14

I am currently writing an application which requires me to call GetWindowText on arbitrary windows and store that data to a file for later processing. Long story short, I noticed that my tool was failing on Battlefield 3, and I narrowed the problem down to the following character in its window title: http://www.fileformat.info/info/unicode/char/2122/index.htm

So I created a little test app which just does the following:

std::wcout << L"\u2122";

Low and behold that breaks output to the console window for the remainder of the program.

Why is the MSVC STL choking on this character (and I assume others) when APIs like MessageBoxW etc display it just fine?

How can I get those characters printed to my file?

Tested on both VC10 and VC11 under Windows 7 x64.

Sorry for the poorly constructed post, I'm tearing my hair out here.

Thanks.

EDIT:

Minimal test case

#include <fstream>
#include <iostream>

int main()
{
  {
    std::wofstream test_file("test.txt");
    test_file << L"\u2122";
  }

  std::wcout << L"\u2122";
}

Expected result: '™' character printed to console and file. Observed result: File is created but is empty. No output to console.
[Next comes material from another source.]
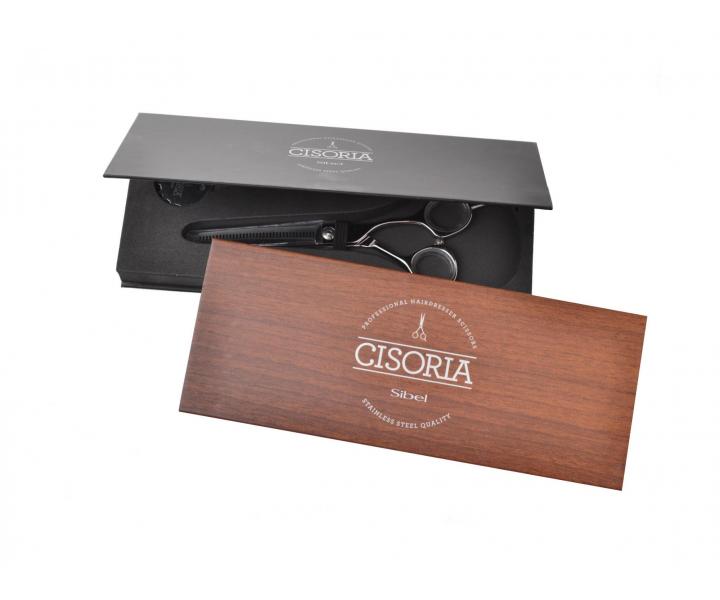 Efilan nonice Sibel Cisoria Class SO-T35 5,75" strieborn, 35 zubov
I have confirmed that the font I"m using for my console is capable of displaying the character in question, and the file is definitely empty (0 bytes in size).

EDIT:

Further debugging shows that the 'failbit' and 'badbit' are set in the stream(s).

EDIT:

I have also tried using Boost.Locale and I am having the same issue even with the new locale imbued globally and explicitly to all standard streams.

ST3
  • 8,826
  • 3
  • 68
  • 92
RaptorFactor
  • 2,810
  • 1
  • 29
  • 36

4 Answers4

22

To write into a file, you have to set the locale correctly, for example if you want to write them as UTF-8 characters, you have to add

const std::locale utf8_locale
            = std::locale(std::locale(), new std::codecvt_utf8<wchar_t>());
test_file.imbue(utf8_locale);

You have to add these 2 include files

#include <codecvt>
#include <locale>

To write to the console you have to set the console in the correct mode (this is windows specific) by adding

_setmode(_fileno(stdout), _O_U8TEXT);

(in case you want to use UTF-8).

For this you have to add these 2 include files:

#include <fcntl.h>
#include <io.h>

Furthermore you have to make sure that your are using a font that supports Unicode (such as for example Lucida Console). You can change the font in the properties of your console window.

The complete program now looks like this:

#include <fstream>
#include <iostream>
#include <codecvt>
#include <locale>
#include <fcntl.h>
#include <io.h>

int main()
{

  const std::locale utf8_locale = std::locale(std::locale(),
                                    new std::codecvt_utf8<wchar_t>());
  {
    std::wofstream test_file("c:\\temp\\test.txt");
    test_file.imbue(utf8_locale);
    test_file << L"\u2122";
  }

  _setmode(_fileno(stdout), _O_U8TEXT);
  std::wcout << L"\u2122";
}
BertR
  • 1,657
  • 11
  • 12
  • 1
    Well I'll be damned, imbuing that UTF8 locale actually worked... Now why the hell isn't Boost.Locale doing that for me? I interpreted the docs as saying that UTF-8 is assumed to be the default narrow encoding, and I've imbued the locale globally and to all static streams, so what the hell... – RaptorFactor Mar 26 '12 at 12:22
3

Are you always using std::wcout or are you sometimes using std::cout? Mixing these won't work. Of course, the error description "choking" doesn't say at all what problem you are observing. I'd suspect that this is a different problem to the one using files, however.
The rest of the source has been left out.